The Greek Parliament has voted in favor of the purchase from France of 18 Rafale fighter jets in a period of tensions with Turkey. The agreement between Paris and Athens amounts to approximately 2.5 billion euros.
Eighteen Rafale fighter jets will be bought by Athens from France after the approval of the Greek Parliament on the evening of January 14. The bill was approved by the right-wing government majority, opposition leader Syriza (left), Kinal (center-left) and the small nationalist party Elliniki Lissi. The deputies of the Communist Party KKE and the left MeRa25 voted against the purchase of these devices.
Six of these planes are new while twelve are used, according to the government. The first aircraft will arrive in Greece six months after signing the contract with France.

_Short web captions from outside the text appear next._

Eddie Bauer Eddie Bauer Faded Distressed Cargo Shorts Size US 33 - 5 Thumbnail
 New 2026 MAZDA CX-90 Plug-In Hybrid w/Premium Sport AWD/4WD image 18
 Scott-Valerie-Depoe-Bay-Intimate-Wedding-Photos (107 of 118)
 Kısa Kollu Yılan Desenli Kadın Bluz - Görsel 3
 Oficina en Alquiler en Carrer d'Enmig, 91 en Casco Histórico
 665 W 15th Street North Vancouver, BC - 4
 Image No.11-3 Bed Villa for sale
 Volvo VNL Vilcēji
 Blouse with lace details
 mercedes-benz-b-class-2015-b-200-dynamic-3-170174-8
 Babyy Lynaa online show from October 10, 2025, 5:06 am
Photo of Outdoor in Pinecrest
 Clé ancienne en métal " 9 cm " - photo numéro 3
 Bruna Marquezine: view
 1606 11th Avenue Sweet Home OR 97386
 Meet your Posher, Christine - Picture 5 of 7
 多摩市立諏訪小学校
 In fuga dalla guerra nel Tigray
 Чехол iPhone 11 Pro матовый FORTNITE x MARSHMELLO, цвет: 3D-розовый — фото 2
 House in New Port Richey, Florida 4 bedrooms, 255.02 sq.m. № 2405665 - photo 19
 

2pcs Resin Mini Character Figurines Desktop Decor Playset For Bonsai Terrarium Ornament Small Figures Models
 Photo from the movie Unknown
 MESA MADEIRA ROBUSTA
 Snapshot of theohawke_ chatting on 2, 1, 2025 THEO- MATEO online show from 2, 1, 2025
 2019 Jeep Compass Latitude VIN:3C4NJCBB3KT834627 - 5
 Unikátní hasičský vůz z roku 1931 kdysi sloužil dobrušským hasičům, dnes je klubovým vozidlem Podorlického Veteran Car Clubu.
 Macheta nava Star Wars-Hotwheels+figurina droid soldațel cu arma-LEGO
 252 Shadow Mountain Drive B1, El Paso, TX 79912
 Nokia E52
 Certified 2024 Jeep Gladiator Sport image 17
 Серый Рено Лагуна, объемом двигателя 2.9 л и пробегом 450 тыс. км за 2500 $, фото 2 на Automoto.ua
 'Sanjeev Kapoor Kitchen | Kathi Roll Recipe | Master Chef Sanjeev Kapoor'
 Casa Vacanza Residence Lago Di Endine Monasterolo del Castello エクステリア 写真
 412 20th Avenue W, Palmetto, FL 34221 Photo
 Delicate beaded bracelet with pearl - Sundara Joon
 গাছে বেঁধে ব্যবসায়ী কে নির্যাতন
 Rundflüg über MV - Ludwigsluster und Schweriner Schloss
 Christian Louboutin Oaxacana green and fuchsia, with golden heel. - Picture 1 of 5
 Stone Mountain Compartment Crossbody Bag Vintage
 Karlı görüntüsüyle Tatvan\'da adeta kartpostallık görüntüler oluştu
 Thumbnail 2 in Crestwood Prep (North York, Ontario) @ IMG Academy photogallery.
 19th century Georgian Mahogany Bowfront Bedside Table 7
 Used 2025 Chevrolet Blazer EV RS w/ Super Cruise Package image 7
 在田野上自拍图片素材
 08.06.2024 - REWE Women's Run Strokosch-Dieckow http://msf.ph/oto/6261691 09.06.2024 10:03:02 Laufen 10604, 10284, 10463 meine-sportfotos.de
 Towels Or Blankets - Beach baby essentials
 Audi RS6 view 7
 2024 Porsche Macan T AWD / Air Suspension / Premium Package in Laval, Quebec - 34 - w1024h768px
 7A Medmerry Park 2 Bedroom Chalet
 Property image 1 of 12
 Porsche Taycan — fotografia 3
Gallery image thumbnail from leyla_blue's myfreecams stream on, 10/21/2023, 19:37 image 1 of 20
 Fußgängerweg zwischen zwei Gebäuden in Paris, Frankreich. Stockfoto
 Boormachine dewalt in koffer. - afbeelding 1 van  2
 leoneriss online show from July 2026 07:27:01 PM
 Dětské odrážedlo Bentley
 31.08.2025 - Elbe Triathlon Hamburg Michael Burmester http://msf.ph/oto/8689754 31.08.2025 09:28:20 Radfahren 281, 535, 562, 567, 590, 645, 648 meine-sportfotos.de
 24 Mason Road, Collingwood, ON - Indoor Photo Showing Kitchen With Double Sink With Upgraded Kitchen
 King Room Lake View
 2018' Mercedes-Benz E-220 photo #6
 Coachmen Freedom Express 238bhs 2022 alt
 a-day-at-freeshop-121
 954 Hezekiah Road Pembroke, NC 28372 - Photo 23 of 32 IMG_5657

As AFP clarified, French Defense Minister Florence Parly is expected in Athens by the end of January to sign the agreement, the price of which amounts to around 2.5 billion euros.
A purchase that “sends a clear message”
This vote “sends a clear message to several directions [et] aims at the effort to strengthen the armed forces ”, said Greek Defense Minister Νikos Panagiotopoulos after the vote in the Assembly adding that it was“ a positive message ”.
The decision to strengthen Greece’s defense was taken in September by Greek Prime Minister Kyriakos Mitsotakis amid heightened tensions with Turkey over the exploitation of hydrocarbons in the south-eastern Mediterranean.
France had supported Greece and participated last summer in joint military maneuvers in the Mediterranean. Tensions between Greece and Turkey, both NATO members, were discussed at the European summit in December. Brussels then planned to sanction Turkey’s “illegal and aggressive” actions in the Mediterranean.
The decision to purchase the planes comes as the Greek economy expects a 4.8% recovery in 2021, below earlier forecasts of 7.5%. The recession is forecast at over 10% for 2020.
With an economy still recovering from the decade of the debt crisis, Greece plans to spend € 24 billion in 2020 and € 7.5 billion in 2021 to cushion the impact of the pandemic on the economy. Public debt is expected to climb to 209% of GDP before dropping below 200%, according to official forecasts.